The <source-location> class is an open,
abstract class with no slots. All instances must provide a method
for describe-source-location.
The source-location generic takes an arbitrary
object as an argument and returns a source location. The mix-in
class <source-location-mixin> provides the
init-keyword source-location: and a method on
source-location which returns the value of the keyword
or <unknown-source-location>.
The <source-file> class reads an entire
input file into memory and provides access to the contents. It's
tightly-coupled to the class
<file-source-location>, which represents a
location within a source file. Separating these two classes is not
feasible. Among other things, this code generates the attractive,
multiline displays of exactly where an error occured.
This module provides classes and constants for representing tokens and syntax tables.
Dylan ™ source files have RFC 822 headers, similar to those used by Internet e-mail and many other protocols. This module provides support for parsing headers at the top of a file and extracting the values of keywords. White space at the begining and ends of lines is removed automatically.
This module contains code to parse platforms.descr
, which contains descriptions of the various host
platforms supported by d2c. A description of each of the
parameters appears in platforms.descr itself.
This module exports a number of classes and functions related to compiler errors and warnings.
The Signature-Interface module creates a
group of names which are actually implemented in the
Signature module. These represent the formal
parameter and result lists of a
Dylan
™
function.
When reporting errors, d2c often needs to provide names for various functions, anonymous local methods and other things found in Dylan ™ programs. This module knows about several different kinds of names and how they should be displayed to the user.
It does not appear that these classes are used in as part of the compiler's own computations. A quick look suggests that this is merely interface and debugging code.
I'm not quite sure what this module does, so take this description with a grain of salt. Better yet, figure out what this module does and fix this documentation.
The top-of-file comment for this module reads:
Abstract class that all definitions inherit from. A definition is the compilers handle on some run-time value. In addition to the obvious things, definitions exist for things like the type of a variable (when it isn't a compile-time constant).
It appears that named, top-level forms each get a definition. From the comment, it sounds as if the following code produces two definitions:
define variable foo :: run-time-expression() = #f;
One definition refers to the variable itself, and the other refers to the type value computed at initialization time. Is this a correct assumption?
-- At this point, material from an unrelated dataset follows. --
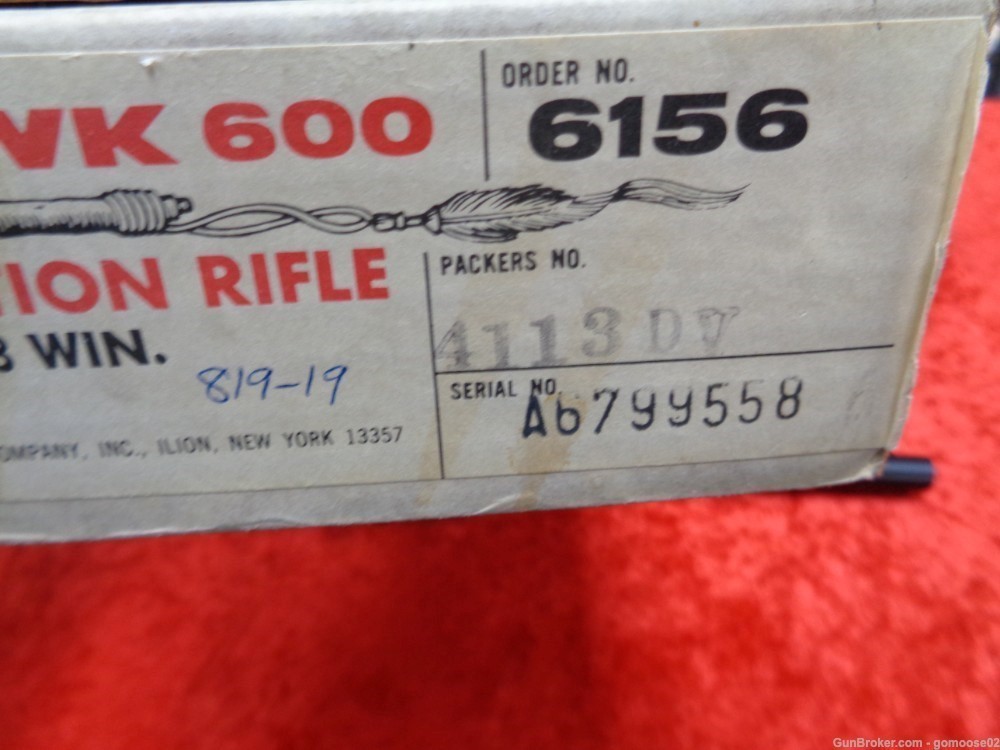 Remington Model 600 MOHAWK 308 Winchester LIKE NEW IN BOX WE TRADE!-img-49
This module is in change of libraries, modules and
namespaces. It maintains the global table of libraries, processes
the various clauses in define library and define
module, and keeps track of where variable definitions
live. The magic Dylan-User modules get set up
here as well.
Each <variable> object also provides slots
for the associated definition, transformers and constant
evaluator. It would appear that this module defines some of the
more important data structures in the compiler.
The Policy represents an
optimization policy: a set of parameters
used for making tradeoffs between speed, safety and code size. A
quick inspection of the code shows that a
<policy> object will not survive the dumping and
loading processes intact. Do these actually get used?
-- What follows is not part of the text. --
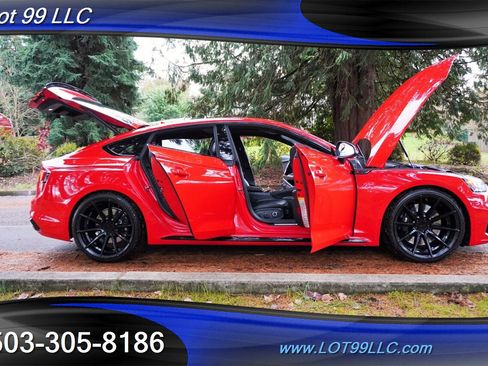 Used 2019 Audi RS 5 Sportback w/ Black Optic Package image 28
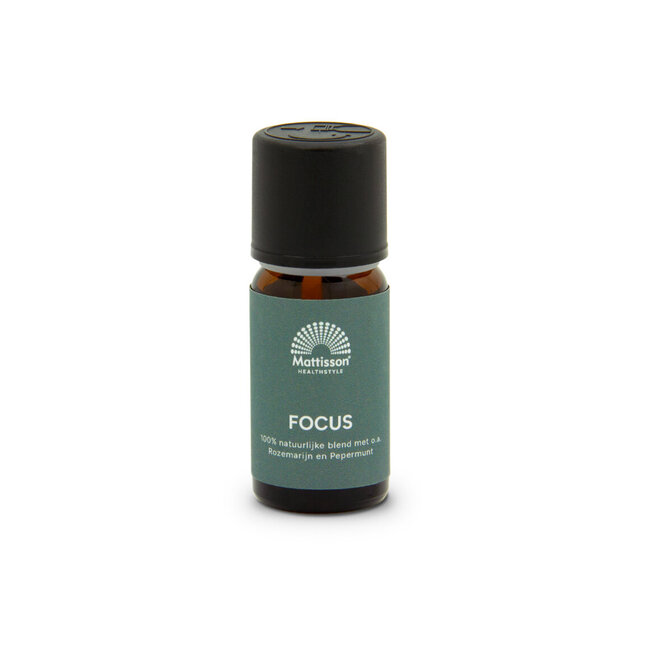 Focus etherische olie 10 Milliliter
Does ctype stand for “constant
type”, “compile-time type”, or something else
entirely?
This module defines the compiler's type model. This is used
by the Flow
module to represent the types of expressions, and by the
Compiler-Optimize
library during several phases of optimization.
Most of these types can be represented as
Dylan
™
objects.
Such types also inherit from <ct-value>, so they
can be represented as compile-time values (see
the section called “The Compile-Time-Values Module”).
All ctypes inherit from <values-ctype>.
Single-value types (e.g., the types of variables) are represented
by subclasses of <ctype>. Multiple-value types
(e.g., the return values of functions) are represented as instances
of <multi-value-ctype>.
Various subclasses of <ctype>
represent class types, union types and all the standard (and
non-standard) limited types supported by d2c. The class
<unknown-ctype> represents a type we won't know
until runtime. The function empty-type returns a
type union with no members. No object can ever be an instance of
this type. (Empty types are used extensively when computing the
intersections, unions and differences of types.)
Class types are defined in the Classes
module.
<multi-value-ctype> is a bit tricky. It
represents zero or more required values of known types, zero or
more optional values of known types, and an optional
#rest list—which may also be typed. (See the
source for more information.) The function
wild-ctype returns a multi-value type representing
zero or more values of any type.
This module supports type intersections, type unions and type differences, primarily for use by the optimizer. All of the operations may be imprecise; if so, the second return value will typically be false.
The intersection of two types is described as:
Return as restrictive a type as we can discover that is no more restrictive than the intersection of Type1 and Type2. The second value is true if the result is exact. At worst, we arbitrarily return one of the arguments as the first value (trying not to return an unknown type).
The union of two types is described as:
Find a type which includes both types. The result is an unknown type if either of the arguments are unknown; otherwise the result is precise.
The difference of two types is described as:
Return our best guess at the type that describes all objects that are in Type1 but not in Type2. If we can't precisely determine this type, then return something more inclusive than it, but never more inclusive than Type1.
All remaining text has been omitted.